Livingston County officials have received a letter from a lawyer asking for a “property value guarantee plan” if the Streator Cayuga Ridge South wind farm is approved.
Attorney Richard S. Porter, representing People Protecting Cayuga Ridge (PPCR), sent the letter to members of the County Board, the Zoning Board of Appeals and the county’s zoning administrator. The letter was released to the media by Judy Campbell, of rural Cornell and a candidate for the County Board in the November election.
She was among county residents who testified about the wind-farm project during the 10-session public hearing held by the zoning board between April 28 and Monday. That board on Monday recommended to the County Board that the special use permit that would allow the wind farm be approved. The Agriculture and Zoning Committee of the County Board will consider that recommendation and the project at its meeting tonight at 6 at the county’s Public Safety Complex. The County Board is expected to vote on the permit this month.
Porter, whose office is in Rockford, wrote that his PPCR clients “are objecting to that application and will be presenting a formal defense to the proposed northern project when hearings are finally held on that matter.”

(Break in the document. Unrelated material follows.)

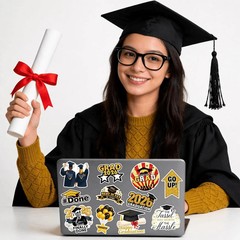 50pcs Graduation Stickers 2026, College Stickers, Class of 2026 Stickers for Gra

“It is obvious that this proposal will severely and negatively impact many of your citizens’ use and enjoyment of their properties, negatively impact their property values, and cause noise pollution,” the letter, dated June 27, says. “If despite this evidence you decide to recommend approval of the application you should at a minimum include a property value guarantee plan.”

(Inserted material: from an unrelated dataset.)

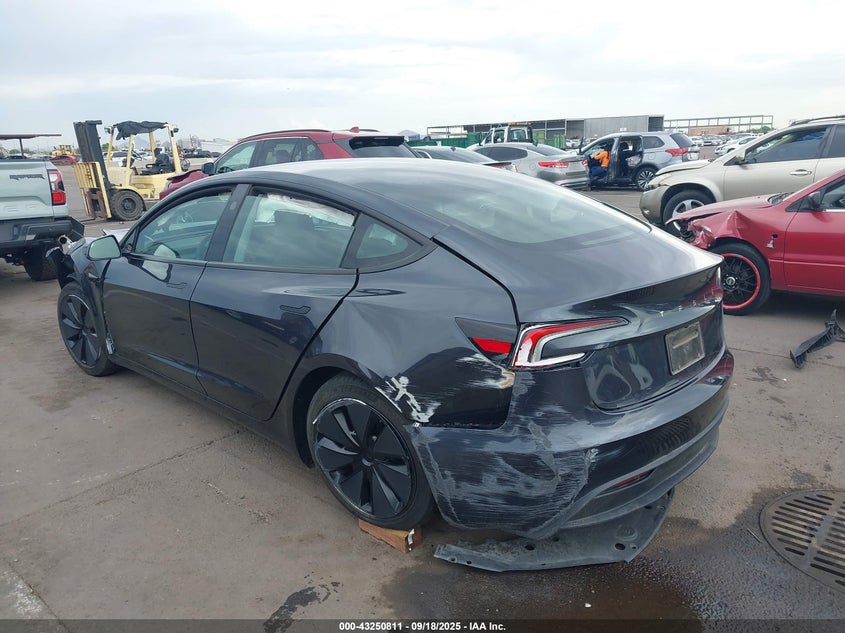 2025 Tesla Model 3 Long Range Rear-Wheel Drive VIN: 5YJ3E1EA1SF916213 Lot: 43250811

The zoning board’s findings and recommendations that was approved by a 6-0 vote Monday says that there will be “no substantial reduction on the value of neighboring property as a result of the Project.” Property considerations are one of the criteria that must be addressed in considering a special use permit under this county’s zoning ordinance.

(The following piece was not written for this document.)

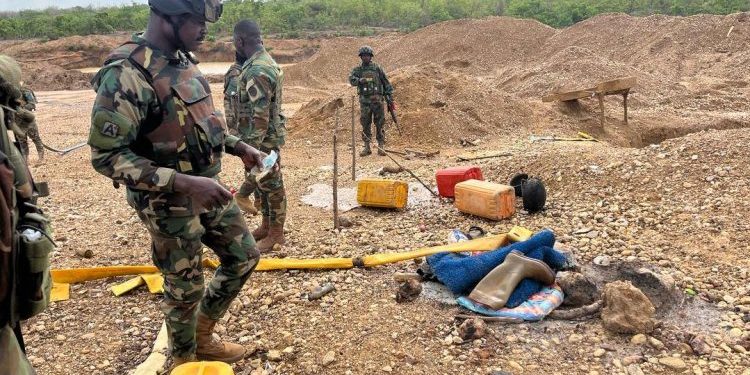 Three Commands See GAF’s New Anti-Galamsey Operations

Porter’s letter attached a plan which he wrote “will assure that the property values of those people within the footprint and a short distance beyond the footprint are protected. It is my understanding the applicant has taken the position that there is no property value loss and you will see from this plan that if such is the case, then indeed it will cost them absolutely nothing. The plan is designed such that it is not contingent upon any third party sale. Rather it merely relies upon the well reasoned opinions of qualified real estate appraisers who have expertise in determining property value loss. If indeed these qualified professionals determine that there is a property value loss then obviously that should be borne by the turbine company. Accordingly, if you are going to recommend approval of the proposed southern turbine plant you should include a condition that the applicant must honor the attached property value guarantee plan.”